**Your task**
Please copy out the full listing that follows exactly; no picture belongs in the copy.

**Available data**
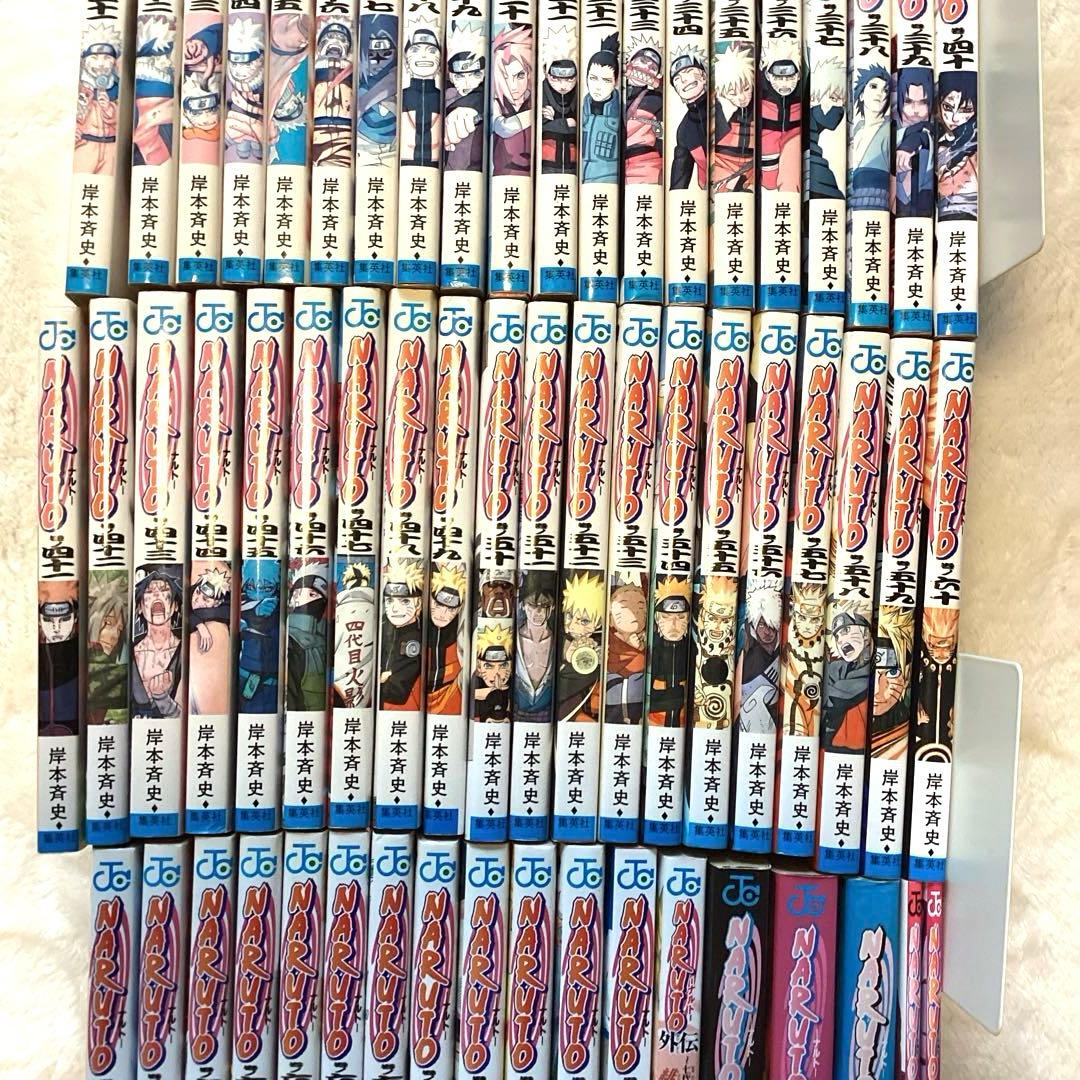 NARUTO ナルト 全巻セット ＋ 外伝 ＋ 秘伝5冊 岸本斉史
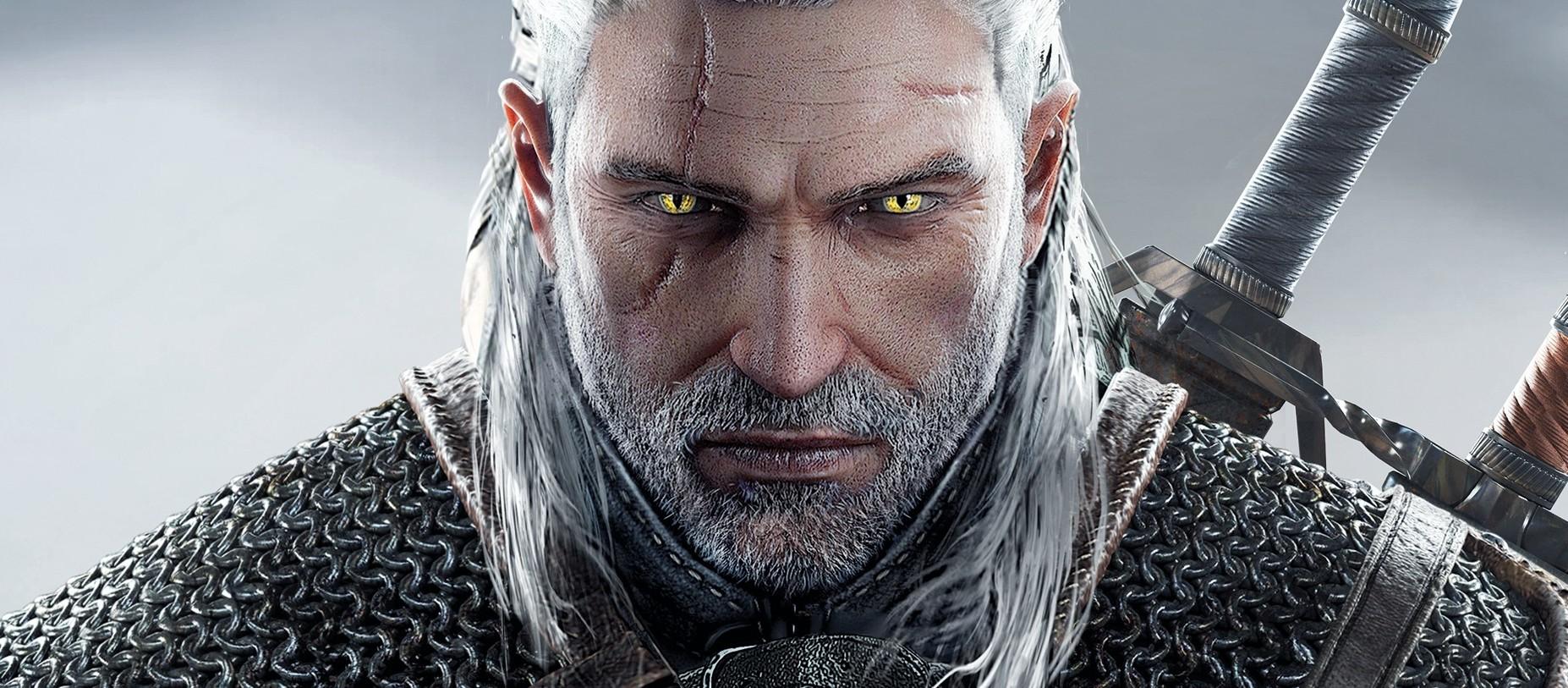1854 x 813 · jpeg - The Witcher 3: Wild Hunt, Geralt Of Rivia Wallpapers HD / Desktop and ...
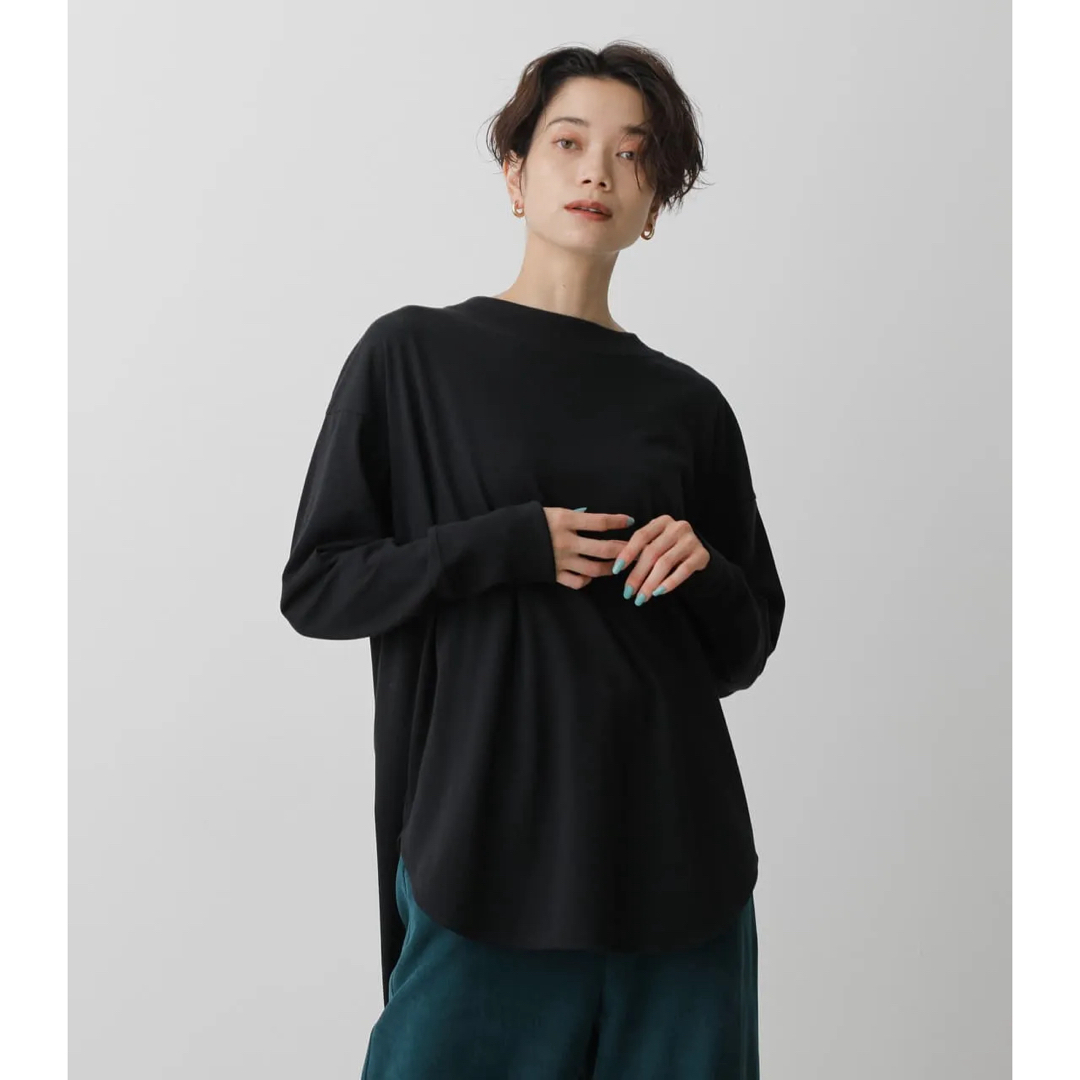 AZUL by moussy(アズールバイマウジー)のアズールバイマウジー♡BACK BUTTON LONG T レディースのトップス(カットソー(長袖/七分))の商品写真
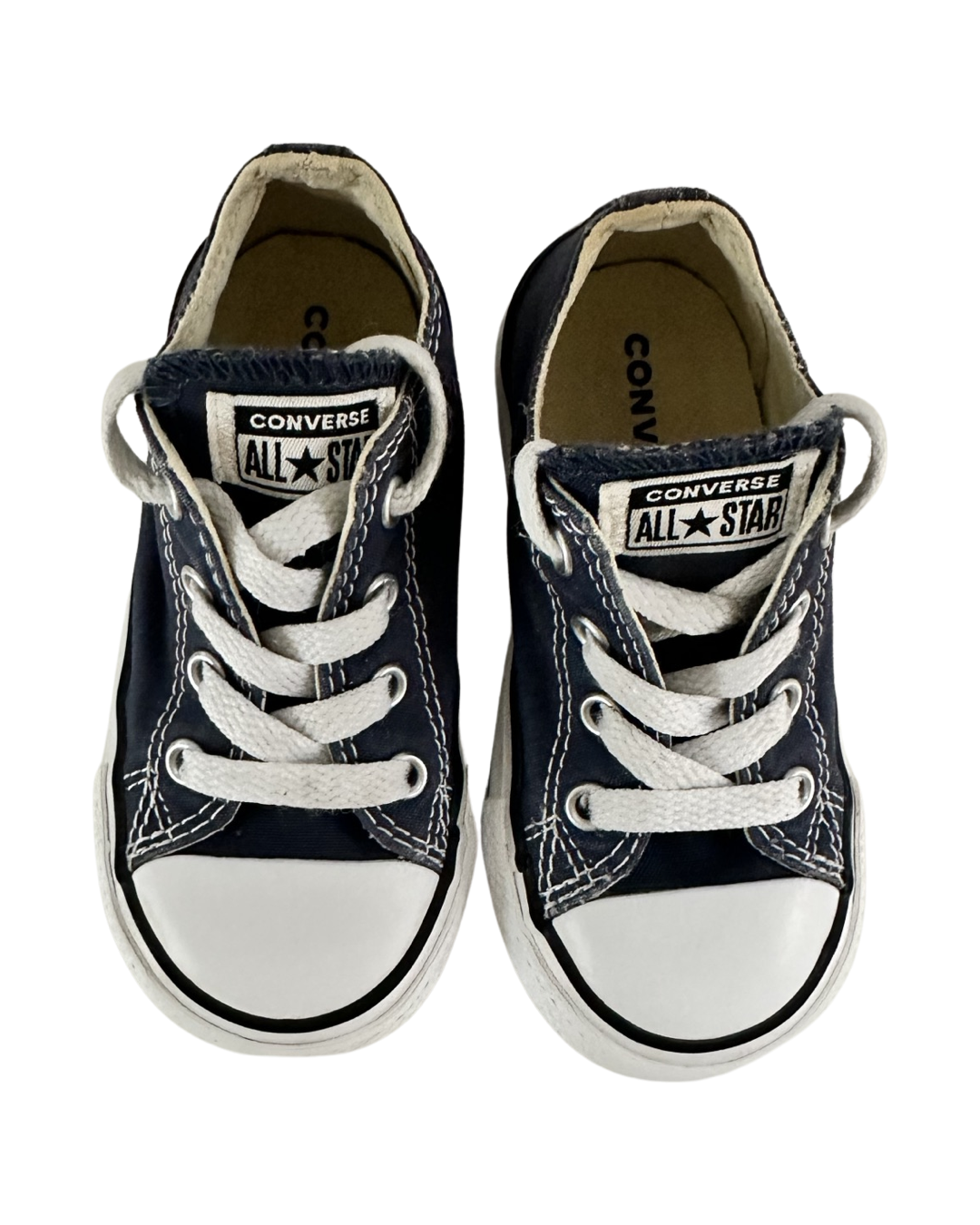 7C Toddler Boy / Girl Size Navy Converse All Star Chuck Taylor Shoes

**Response to this exercise**
 NARUTO ナルト 全巻セット ＋ 外伝 ＋ 秘伝5冊 岸本斉史
1854 x 813 · jpeg - The Witcher 3: Wild Hunt, Geralt Of Rivia Wallpapers HD / Desktop and ...
 AZUL by moussy(アズールバイマウジー)のアズールバイマウジー♡BACK BUTTON LONG T レディースのトップス(カットソー(長袖/七分))の商品写真
 7C Toddler Boy / Girl Size Navy Converse All Star Chuck Taylor Shoes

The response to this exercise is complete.